Aynı zamanda, Suriye’nin kuzeydoğusundaki Kürt Demokratik Birlik Partisi (PYD), Türkiye’nin kendi içerisinde salgınla uğraşmasından faydalanarak hem yerel hem de uluslararası düzeyde meşruiyetini güçlendirecek. Yerelde PYD yönetimi salgınla mücadele için bir plân uygulamaya ve salgın tehdidine verdiği karşılıkla liderliğini ortaya koymaya çalışacak. Sağlık sektörünü güçlendirmenin yanı sıra muhtemelen piyasada daha güçlü bir kontrol tesis edecek ve temel ihtiyaç malzemelerinin fiyatlarını düzenleyecek. Uluslararası düzeyde ise Suriye Kürt Ulusal Konseyi (ENKS) ile olan müzakerelerini hızlandıracak ve yaz aylarından önce bir uzlaşmaya varmaya çalışacak. Böyle bir anlaşma bazı ENKS figürlerinin PYD öncülüğündeki yönetime dahil olmasının yolunu açabileceği gibi, ENKS’nin bazı üyelerinin PYD ile herhangi bir anlaşma yapmaktan muhtemelen kaçınacak olması sebebiyle bütünlüğü tehdit de edebilir.

Suriye’de görev yapan ABD askerleri etraftan izole oldukları için virüs ile baş etme noktasında görece güvendeler. Buna karşın, durumun Orta Doğu’da veya ABD’de kötüleşmesi hâlinde ABD askerlerinin Suriye’den tamamen çıkması mümkün olabilir. Öyle veya böyle, ABD eğer kuzeydoğudaki Özerk Yönetim’in geleceğine ilişkin Şam ile “nihai” bir anlaşma olmaksızın askerlerini çekerse, Rusya rejim lehine bir anlaşma sağlamak için bu fırsatı kullanacaktır.

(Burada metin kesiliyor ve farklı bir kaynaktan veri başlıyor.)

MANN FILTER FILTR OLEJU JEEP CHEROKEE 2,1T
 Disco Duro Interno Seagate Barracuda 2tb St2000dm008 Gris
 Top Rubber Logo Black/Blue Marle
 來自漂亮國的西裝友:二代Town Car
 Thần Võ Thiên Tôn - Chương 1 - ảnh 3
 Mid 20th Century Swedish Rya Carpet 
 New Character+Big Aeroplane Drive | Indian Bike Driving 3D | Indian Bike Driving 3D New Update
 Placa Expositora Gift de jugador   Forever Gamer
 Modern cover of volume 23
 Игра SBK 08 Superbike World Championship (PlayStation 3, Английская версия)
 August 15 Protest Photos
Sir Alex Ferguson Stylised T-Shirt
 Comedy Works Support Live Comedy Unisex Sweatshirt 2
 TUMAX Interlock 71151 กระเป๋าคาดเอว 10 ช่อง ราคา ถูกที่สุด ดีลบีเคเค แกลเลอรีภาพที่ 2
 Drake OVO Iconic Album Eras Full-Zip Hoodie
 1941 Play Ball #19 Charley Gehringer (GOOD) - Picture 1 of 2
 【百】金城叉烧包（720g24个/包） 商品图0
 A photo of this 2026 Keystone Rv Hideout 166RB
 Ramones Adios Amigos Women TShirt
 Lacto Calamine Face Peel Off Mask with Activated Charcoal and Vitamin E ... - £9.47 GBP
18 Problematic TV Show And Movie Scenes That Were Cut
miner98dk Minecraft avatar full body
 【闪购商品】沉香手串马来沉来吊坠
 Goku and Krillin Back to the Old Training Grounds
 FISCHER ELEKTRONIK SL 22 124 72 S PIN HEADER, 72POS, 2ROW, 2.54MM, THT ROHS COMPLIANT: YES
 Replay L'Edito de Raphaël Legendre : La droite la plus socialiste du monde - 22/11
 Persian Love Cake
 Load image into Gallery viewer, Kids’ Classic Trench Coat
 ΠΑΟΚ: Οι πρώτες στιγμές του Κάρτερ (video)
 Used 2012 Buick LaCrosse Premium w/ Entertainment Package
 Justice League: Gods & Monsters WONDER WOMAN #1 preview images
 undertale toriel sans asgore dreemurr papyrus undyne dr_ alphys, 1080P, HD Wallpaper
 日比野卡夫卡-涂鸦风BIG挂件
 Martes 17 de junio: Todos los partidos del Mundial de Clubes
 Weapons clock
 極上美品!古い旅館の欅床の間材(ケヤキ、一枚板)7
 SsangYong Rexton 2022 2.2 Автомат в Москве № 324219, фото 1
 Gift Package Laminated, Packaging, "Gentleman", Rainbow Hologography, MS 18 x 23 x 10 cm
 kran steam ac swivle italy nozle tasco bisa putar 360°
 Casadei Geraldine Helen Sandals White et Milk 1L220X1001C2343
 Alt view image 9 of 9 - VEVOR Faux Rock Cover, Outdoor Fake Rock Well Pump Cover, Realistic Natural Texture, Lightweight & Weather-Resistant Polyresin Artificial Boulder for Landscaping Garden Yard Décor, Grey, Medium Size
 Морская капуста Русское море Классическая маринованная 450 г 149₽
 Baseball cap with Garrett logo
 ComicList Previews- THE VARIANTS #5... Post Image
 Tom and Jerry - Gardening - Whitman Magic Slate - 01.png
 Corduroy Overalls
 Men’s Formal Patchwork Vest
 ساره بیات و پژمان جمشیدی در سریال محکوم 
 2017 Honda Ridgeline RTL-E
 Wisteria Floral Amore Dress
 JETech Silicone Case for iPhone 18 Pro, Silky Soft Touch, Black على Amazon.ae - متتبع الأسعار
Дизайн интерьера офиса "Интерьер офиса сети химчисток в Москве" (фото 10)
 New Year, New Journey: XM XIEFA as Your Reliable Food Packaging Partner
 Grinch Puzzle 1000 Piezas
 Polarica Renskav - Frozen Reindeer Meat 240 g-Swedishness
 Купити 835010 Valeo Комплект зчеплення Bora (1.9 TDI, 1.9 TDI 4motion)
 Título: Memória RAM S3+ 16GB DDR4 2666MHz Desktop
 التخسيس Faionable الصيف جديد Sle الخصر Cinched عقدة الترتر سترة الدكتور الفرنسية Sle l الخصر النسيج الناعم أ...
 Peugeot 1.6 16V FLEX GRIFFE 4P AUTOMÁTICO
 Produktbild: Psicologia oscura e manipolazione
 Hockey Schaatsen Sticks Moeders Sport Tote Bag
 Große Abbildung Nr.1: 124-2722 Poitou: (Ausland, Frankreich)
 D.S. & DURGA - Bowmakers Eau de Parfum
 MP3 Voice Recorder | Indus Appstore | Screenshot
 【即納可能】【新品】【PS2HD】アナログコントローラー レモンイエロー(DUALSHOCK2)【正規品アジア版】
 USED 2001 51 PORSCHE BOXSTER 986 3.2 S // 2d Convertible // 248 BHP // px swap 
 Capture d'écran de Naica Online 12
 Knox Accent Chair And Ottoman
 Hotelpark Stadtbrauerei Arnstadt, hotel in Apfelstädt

Son olarak, İdlib’de Hey’et Tahrir el-Şam (HTŞ) ve Kurtuluş Hükümeti’nin meşruiyeti ciddi bir şekilde sınanacak. Rusya ve Türkiye arasında varılan anlaşma bu grupların bölgedeki otoritesi için büyük bir tehdit teşkil ediyor. Şimdi ise COVID-19’un ekonomi ve sağlık üzerindeki etkileri bu gruplar için yeni bir meydan okuma alanı ortaya çıkarıyor. HTŞ’nin yönetim modeli yerel halkın taleplerine cevap vermede yetersiz kalıp muhtemelen ayakta kalamayacak ve özellikle en yoğun nüfusa sahip yerlerde çöküşlere tanıklık edilecek. Mevcut ateşkes asıl olarak Rusya ve Türkiye arasındaki mutabakat sebebiyle sürüyor ancak HTŞ herhangi bir sebepten ötürü rejim kuvvetlerine saldırarak üzerindeki artan baskıyı hafifletmeye karar verirse, Rusya karşılık vermesi ve İdlib’in kuzeyinde ilerlemesi için rejim üzerindeki tüm kısıtlamaları kaldıracaktır.

Aynı zamanda, rejimin M4 ve M5 otoyolları üzerindeki kontrolü, yerel müttefikleri arasında disiplini sağlayan Türk Silahlı Kuvvetleri’nin yardımı ile birlikte önümüzdeki birkaç hafta içerisinde güçlenecek. Yerel halkın Türkiye’ye olan bağımlılığı ve Türk STK’larının bölgedeki varlığı daha da artacak. Birleşmiş Milletler ve uluslararası toplum tarafından finanse edilen Suriyeli STK’ların yerel halktan gelen daha büyük bir baskının altına girmesi ve salgına yahut salgının ekonomik etkisine cevap verecek ek finansmanın aktarılmaması hâlinde yerel halkın hayal kırıklığına uğraması ve bu STK’lara karşı bir poziyon alması da mümkün.